そのためこの『聖ゲオルギウス』のように伝統的なプロポーションに着目した彫刻は、初期ルネサンス美術を代表する作品と言えるでしょう。
「古代以来初の肉体を持つ」と称賛されることも多く、鎧や外套を身につけた上からでも均整のとれたコントラポストや筋肉の存在感が見て取れます。
作者であるドナテルロは解剖学を学んだ知見を生かし、このようにリアルで美しい彫刻をいくつも残しています。
盛期ルネサンス
1500~1530年というルネサンス美術の歴史の中でも短い期間である盛期ルネサンスですが、後世に与えた影響では最も大きいといえます。
その理由は三大巨匠と呼ばれる偉大な芸術家の存在が大きいでしょう。
三大巨匠であるミケランジェロ、レオナルド・ダ・ヴィンチ、ラファエロの作品が時代を席巻した盛期ルネサンスは、科学を土台にしたリアリズムから一歩先に表現が進んでいます。
その結果、スフマートや空気遠近法といった新しい表現方法が誕生したり、工房システム(弟子として雇った画家と一緒にひとつの作品を共作する手法)の発達によって大規模な作品をいくつも仕上げることが可能になり一人の芸術家がいくつも名作を残すようになりました。
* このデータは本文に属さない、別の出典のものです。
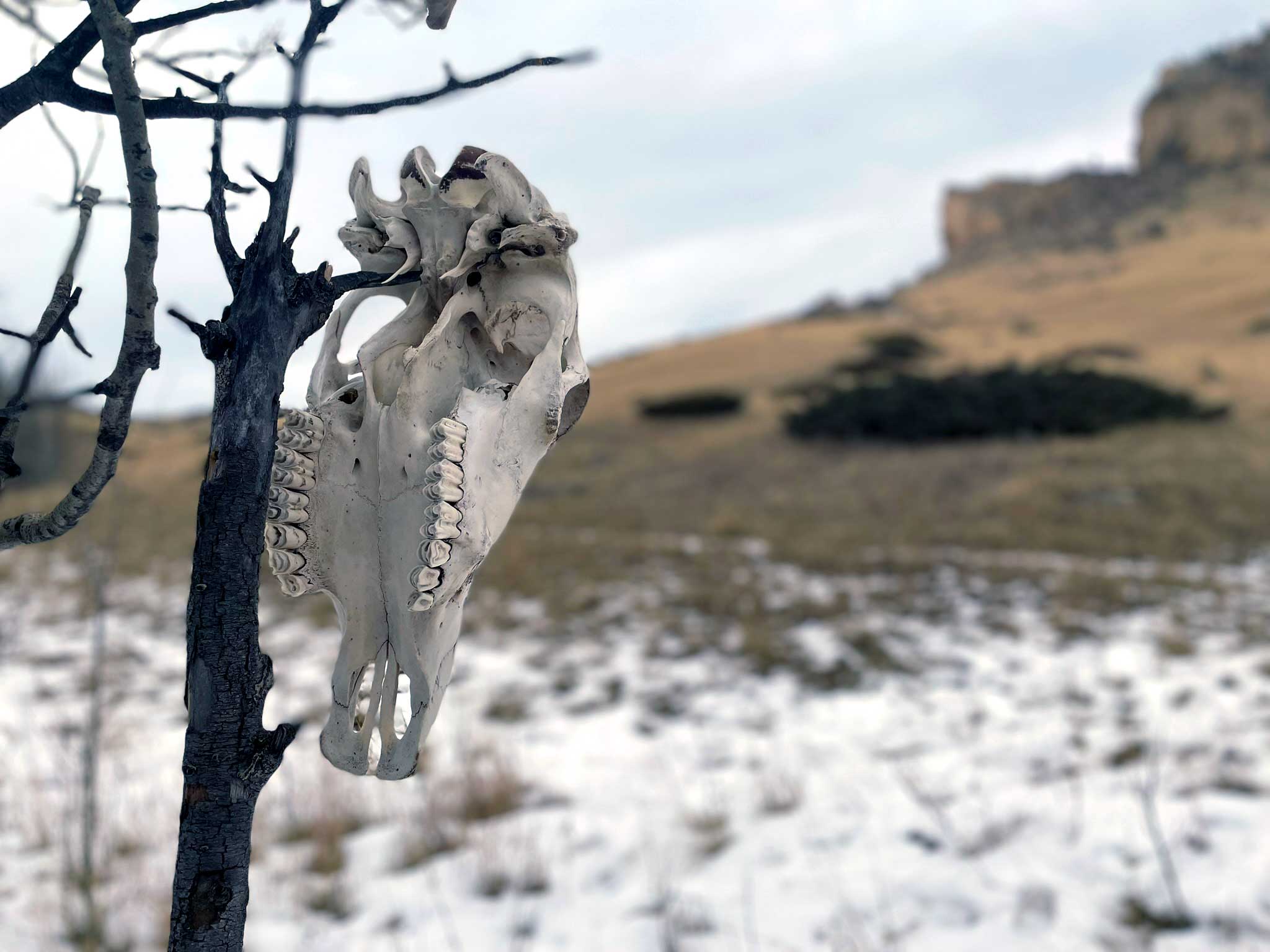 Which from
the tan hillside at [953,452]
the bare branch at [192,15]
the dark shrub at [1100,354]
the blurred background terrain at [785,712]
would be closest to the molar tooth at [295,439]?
the bare branch at [192,15]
これらの誕生にも三大巨匠が深く関わっており、盛期ルネサンス美術はまさに彼らの独壇場だったといっても過言ではありません。
しかし、彼らに影響を与えた同期の芸術家も多くいるため、詳しく知りたい方は以下の記事も併せてご覧ください。
盛期ルネサンス美術を代表する三大巨匠の人生と作品 の詳細は以下の記事で紹介しています!
盛期ルネサンスの代表作品
『ダヴィデ(1501~1504)』
ミケランジェロが手がけた世界的に有名な彫刻作品です。
彫刻といえばこの作品を思い浮かべる方も多いのではないでしょうか。
職人気質であったミケランジェロは、絵画や建築にほとんど浮気することなく彫刻を中心とした活動を83歳でこの世を去るまで向き合い続けました。
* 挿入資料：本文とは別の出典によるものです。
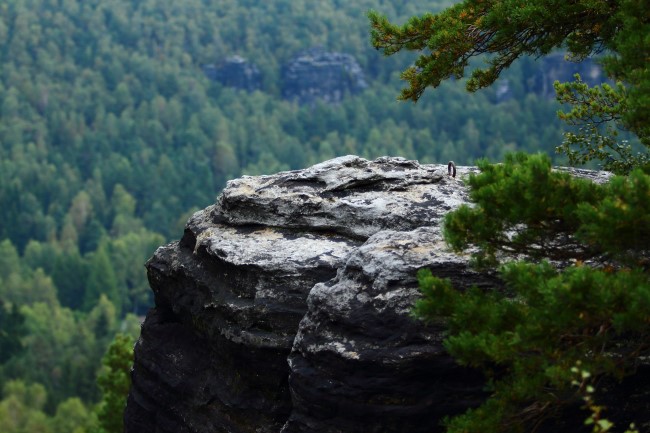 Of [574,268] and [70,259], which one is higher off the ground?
[574,268]

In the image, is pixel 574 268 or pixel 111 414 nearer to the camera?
pixel 574 268

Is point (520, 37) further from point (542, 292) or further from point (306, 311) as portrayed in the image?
point (542, 292)

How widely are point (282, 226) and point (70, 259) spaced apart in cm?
14441

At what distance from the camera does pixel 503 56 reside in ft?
53.6

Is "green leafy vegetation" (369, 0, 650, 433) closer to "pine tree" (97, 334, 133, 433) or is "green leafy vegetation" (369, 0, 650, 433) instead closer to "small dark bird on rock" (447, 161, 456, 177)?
"small dark bird on rock" (447, 161, 456, 177)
そのせいかこの『ダヴィデ』でも美術と科学を統合するといった難しいことはあまり考えていなかったようで、古典やリアリティを重んじた肉体美というよりは、ミケランジェロ自身が得意とする男性裸像を前面に押し出したという意味合いが強いようです。
『最後の晩餐(1495~1498)』
数え切れないほどの学問に通じたことから”万能人”と呼ばれたレオナルド・ダ・ヴィンチが手がけた代表的な作品のひとつです。
この作品は新約聖書に登場するキリストが12使徒との最後の晩餐をする場面を描いたもので、420cm×910cmもの巨大な壁画ですが大規模な画面とそれにふさわしい大胆な構図が魅力です。
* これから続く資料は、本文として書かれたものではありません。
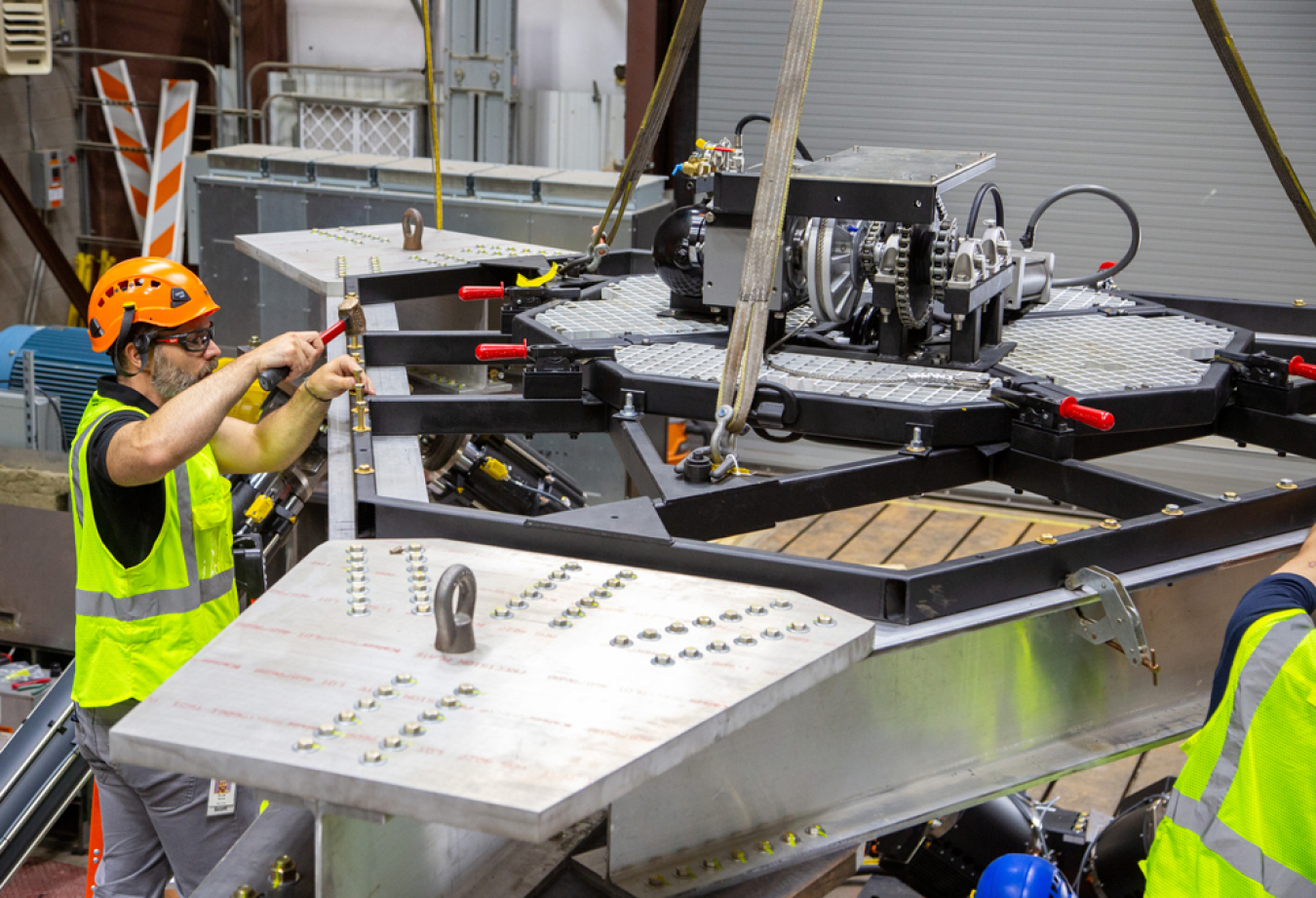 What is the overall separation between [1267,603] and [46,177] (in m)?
8.38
キリストを中心に広がる構図は、一面の壁画に描かれているという規模感と相まって見ている人が絵の中に入り込んだような没入感を生み、絵の主役と主題がキリストであることもわかりやすくなっているという計算されたものになっています。
その一方でこの場面のもう一人の主役である裏切り者のユダは、他の弟子と区別がつかないように描かれています。
これはユダを中心に(あるいはユダとわかりやすいように)描かれていた今までの構図と一線を画す表現方法で、絵画の教養的な側面も失われていないこともこの作品の魅力です。
後期ルネサンス(マニエリスム)
盛期ルネサンスの白熱を経て、1530年代ごろになるとルネサンスはただ古典を模倣するだけのものではなくなっていきました。
宗教改革やローマ略奪などが重なり、社会的混乱や不安が波及してリアリティからの逃避願望が生まれたのかマニエリスムという様式が登場します。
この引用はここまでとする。